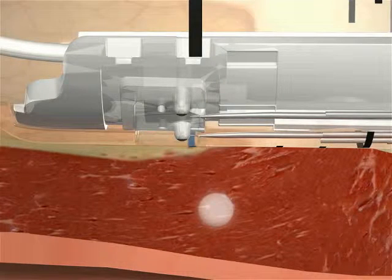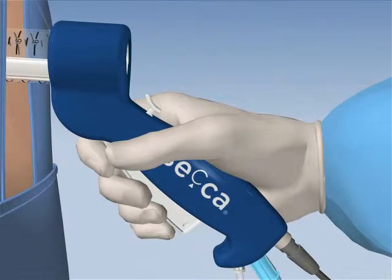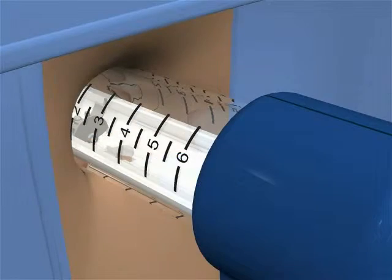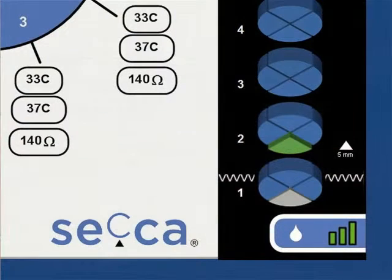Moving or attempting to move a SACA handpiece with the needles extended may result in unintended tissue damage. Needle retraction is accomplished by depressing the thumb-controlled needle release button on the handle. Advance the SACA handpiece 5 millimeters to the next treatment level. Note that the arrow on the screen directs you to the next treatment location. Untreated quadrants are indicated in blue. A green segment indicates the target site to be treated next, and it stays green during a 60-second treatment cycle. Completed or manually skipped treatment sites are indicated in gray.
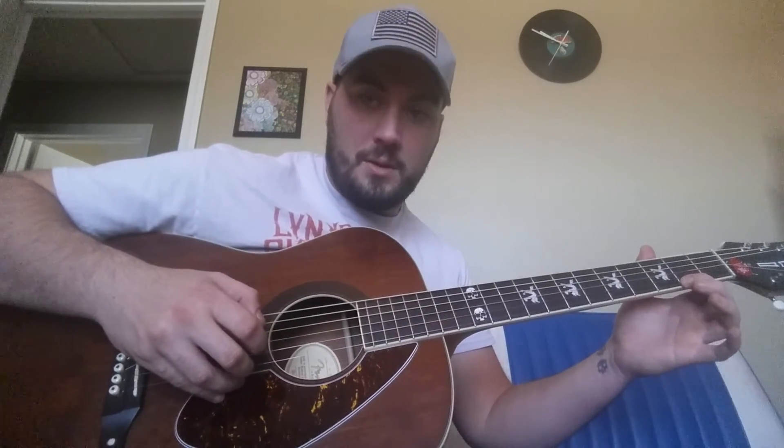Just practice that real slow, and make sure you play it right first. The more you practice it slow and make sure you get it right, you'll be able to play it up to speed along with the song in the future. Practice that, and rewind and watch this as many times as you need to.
---
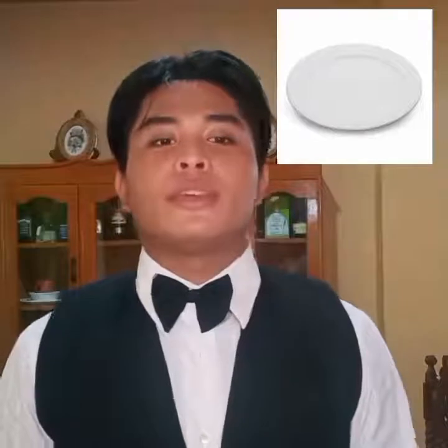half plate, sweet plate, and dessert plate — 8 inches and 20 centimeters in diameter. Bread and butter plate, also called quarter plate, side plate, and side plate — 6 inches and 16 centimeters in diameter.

Instructions to follow: In the listing above, find the line containing "Moving or attempting". Output it and every line after it up to and including the line containing "Just practice that", exactly, but skip the pictures.

Task solution:
Moving or attempting to move a SACA handpiece with the needles extended may result in unintended tissue damage. Needle retraction is accomplished by depressing the thumb-controlled needle release button on the handle. Advance the SACA handpiece 5 millimeters to the next treatment level. Note that the arrow on the screen directs you to the next treatment location. Untreated quadrants are indicated in blue. A green segment indicates the target site to be treated next, and it stays green during a 60-second treatment cycle. Completed or manually skipped treatment sites are indicated in gray.
Just practice that real slow, and make sure you play it right first. The more you practice it slow and make sure you get it right, you'll be able to play it up to speed along with the song in the future. Practice that, and rewind and watch this as many times as you need to.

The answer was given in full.